• [What this task involves]:
Using the listing below, set down each line from the line containing "V7 Cashew Plant" through the line containing "Image result for Cursorius cursor", both ends included, exactly and with nothing added.

══ Input records ══

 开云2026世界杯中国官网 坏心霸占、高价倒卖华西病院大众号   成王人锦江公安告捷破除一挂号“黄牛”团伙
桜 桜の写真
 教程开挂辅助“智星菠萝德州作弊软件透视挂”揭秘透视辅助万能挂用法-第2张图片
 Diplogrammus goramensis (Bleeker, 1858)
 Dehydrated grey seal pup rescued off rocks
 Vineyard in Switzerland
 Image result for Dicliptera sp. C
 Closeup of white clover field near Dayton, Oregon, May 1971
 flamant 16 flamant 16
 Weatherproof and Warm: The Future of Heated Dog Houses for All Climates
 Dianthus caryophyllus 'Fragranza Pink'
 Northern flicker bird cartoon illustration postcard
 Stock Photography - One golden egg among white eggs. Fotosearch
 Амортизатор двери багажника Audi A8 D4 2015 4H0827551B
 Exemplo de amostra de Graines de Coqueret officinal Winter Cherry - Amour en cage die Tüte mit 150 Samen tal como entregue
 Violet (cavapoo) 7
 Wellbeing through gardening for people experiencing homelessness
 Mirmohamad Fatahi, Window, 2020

═══
══ Input records ══

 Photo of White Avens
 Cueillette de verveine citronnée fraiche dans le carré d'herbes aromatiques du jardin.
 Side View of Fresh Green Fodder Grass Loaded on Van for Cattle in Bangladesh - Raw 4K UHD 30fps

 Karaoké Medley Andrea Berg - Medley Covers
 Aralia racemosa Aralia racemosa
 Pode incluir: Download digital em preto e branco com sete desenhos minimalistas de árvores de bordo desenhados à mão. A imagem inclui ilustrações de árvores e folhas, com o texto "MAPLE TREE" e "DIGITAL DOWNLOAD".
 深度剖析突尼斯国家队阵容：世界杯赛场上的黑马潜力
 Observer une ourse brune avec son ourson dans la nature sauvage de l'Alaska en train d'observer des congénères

═══
══ Input records ══

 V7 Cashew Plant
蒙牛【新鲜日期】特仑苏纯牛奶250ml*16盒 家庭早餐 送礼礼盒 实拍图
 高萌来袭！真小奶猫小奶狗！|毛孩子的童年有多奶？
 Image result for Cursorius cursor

═══

• [Answer to the exercise]:
 V7 Cashew Plant
蒙牛【新鲜日期】特仑苏纯牛奶250ml*16盒 家庭早餐 送礼礼盒 实拍图
 高萌来袭！真小奶猫小奶狗！|毛孩子的童年有多奶？
 Image result for Cursorius cursor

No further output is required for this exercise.